Au Mexique, sur les hauteurs autour de Puerto Vallarta, dans la pénombre des forêts de chênes, poussent des orchidées jaunes qu’aiment butiner les abeilles. Au printemps, elles se posent sur les pétales et, lorsqu’elles remontent vers le cœur de la fleur, un sachet de pollen se colle à leur dos. Les abeilles s’envolent alors et butinent d’autres orchidées, y abandonnant le pollen et participant à la pollinisation.
Dans De la fécondation des orchidées par les insectes et des bons résultats du croisement, publié en 1862 , Charles Darwin expliqua cet échange de bons procédés. Mais un phénomène lui resta incompréhensible. Pourquoi certaines abeilles butinent-elles aussi les orchidées qui ne fabriquent pas de pollen ? L’explication ne devint évidente qu’à la fin du xxe siècle.
Il apparut que seules les abeilles mâles butinent ces orchidées. Elles y récoltent du parfum qu’elles stockent dans des appendices attenants à leurs pattes. Là, elles fabriquent des phéromones qui augmenteront leur virilité et attireront les abeilles femelles.
Les orchidées ont besoin des abeilles pour la pollinisation. Les abeilles ont besoin des orchidées pour se reproduire. Les deux espèces vivent au Mexique en symbiose.

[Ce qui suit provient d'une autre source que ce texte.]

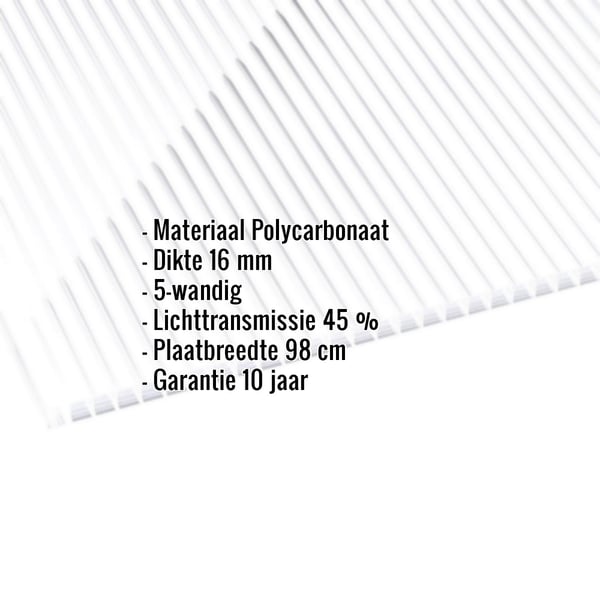 Polycarbonaat kanaalplaat 16 mm, helder/wit gestreept, met ingebedde productgegevens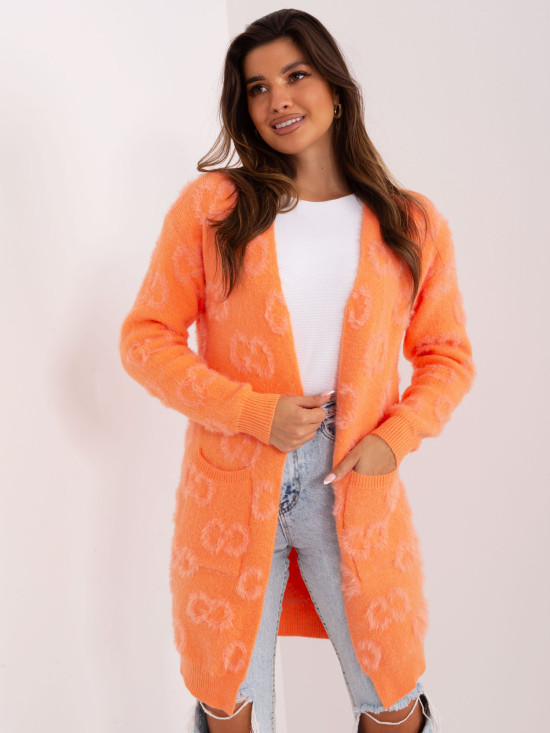 Cardigan portocalie cu buzunare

La biosphère, loin d’être une arène où les espèces luttent à mort pour leur survie, apparaît comme un espace où les organismes coopèrent et dépendent mutuellement les uns des autres. L’évolution joue gagnant-gagnant. Par exemple, les cellules semblent être apparues après que des organismes qui vivaient en symbiose aient fusionné. Il y a 2 milliards d’années, l’enveloppe cellulaire et le noyau avaient sans doute une vie propre comme les orchidées et les abeilles.
En mars 1960, Joseph Carl Robnett Licklider, un des pères d’Internet, publia un article intitulé Man-Computer Symbiosis, la symbiose entre l’homme et l’ordinateur. Il y prédisait que nos destinées respectives se retrouveraient entremêlées.

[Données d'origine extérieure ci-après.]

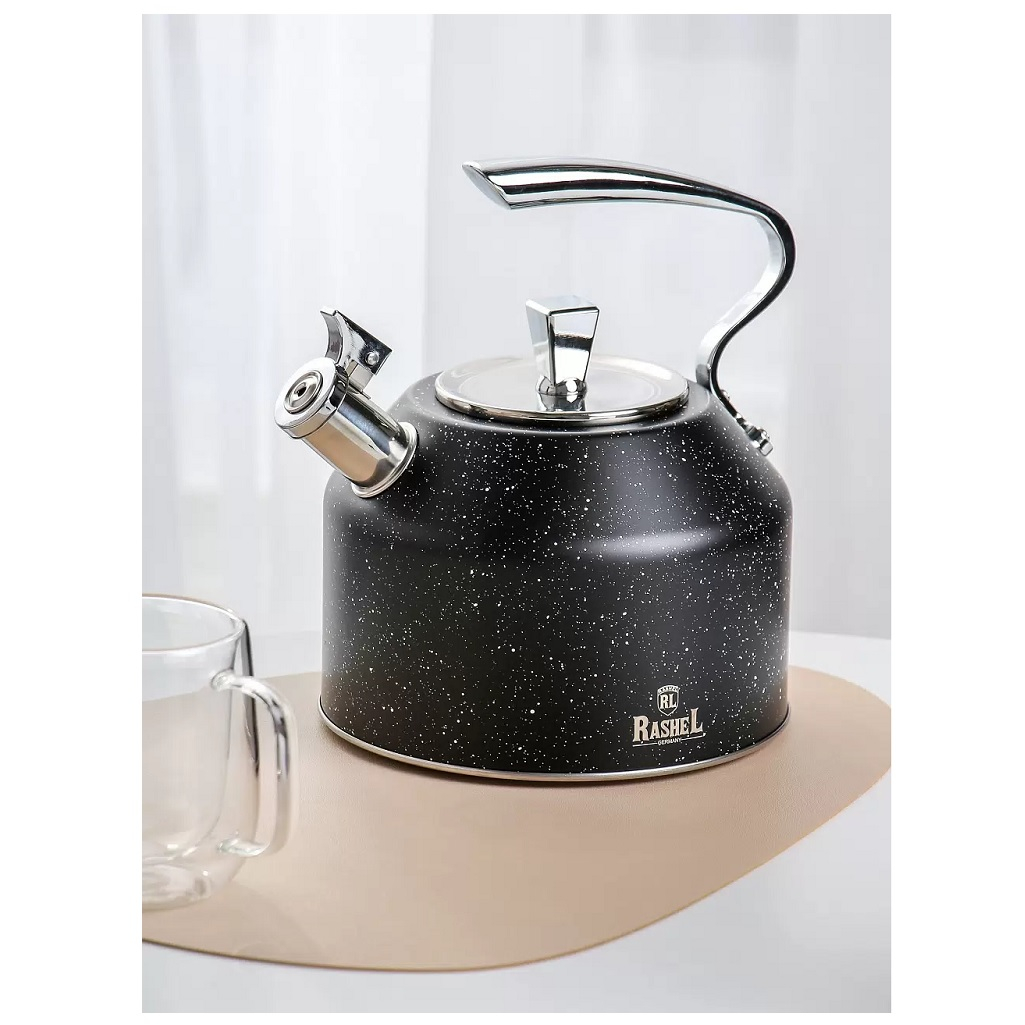 Чайник Rashel R-7831, 516155, нержавеющая сталь, со свистком, индукция, черный, 3 л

Les ordinateurs nous aideraient à étudier et à contrôler les phénomènes complexes. Ils effectueraient le travail automatisable pendant que nous réfléchirions. En échange, nous développerions des ordinateurs toujours plus performants, toujours plus interconnectés. Pour Licklider, la mise en réseau, donc Internet, était indispensable à la symbiose. Il supposait que grâce à la coopération symbiotique nos capacités intellectuelles seraient décuplées.
Aujourd’hui, le rêve de Licklider s’est réalisé, tout au moins en partie. Comment des milliards d’êtres humains pourraient-ils cohabiter sans ordinateurs ? Nous devons modéliser le climat, réguler les flots monétaires, développer de nouvelles sources d’énergie qui exigent des micro-contrôles d’une précision que seules les machines numériques peuvent atteindre.
Comment scruter l’infiniment grand, comment analyser l’infiniment petit, comment poursuivre la recherche médicale, comment même effectuer les soins devenus les plus élémentaires, les IRM, les scanners, les analyses sanguines… Les ordinateurs sont partout. Ils supervisent le trafic routier, aérien, ferroviaire et naval. Ils comptabilisent nos dépenses, géolocalisent nos voitures, encodent et décodent nos communications téléphoniques.
Nos sociétés sont devenues trop complexes pour que nous puissions vivre sans ordinateurs, ordinateurs qui ont eux-mêmes décuplé cette complexité. Quand Licklider publia son article en 1960, nous étions 3 milliards. En 2000, nous étions déjà deux fois plus nombreux. À lui seul notre nombre contribue à la complexité. Il pose des problèmes de ressources, des problèmes écologiques, des problèmes sociaux… déjà difficiles à résoudre avec les ordinateurs mais qui, sans eux, auraient précipité le monde dans le chaos.
La symbiose ne se contente pas de nous servir, elle nous transforme. Nous ressemblons de moins en moins aux homos sapiens sapiens qui arpentent le globe depuis 200 000 ans. C’est d’ailleurs sans doute notre seule chance de survivre aux diverses crises qui frappent le début du troisième millénaire tout en marquant l’avènement d’une nouvelle forme de civilisation.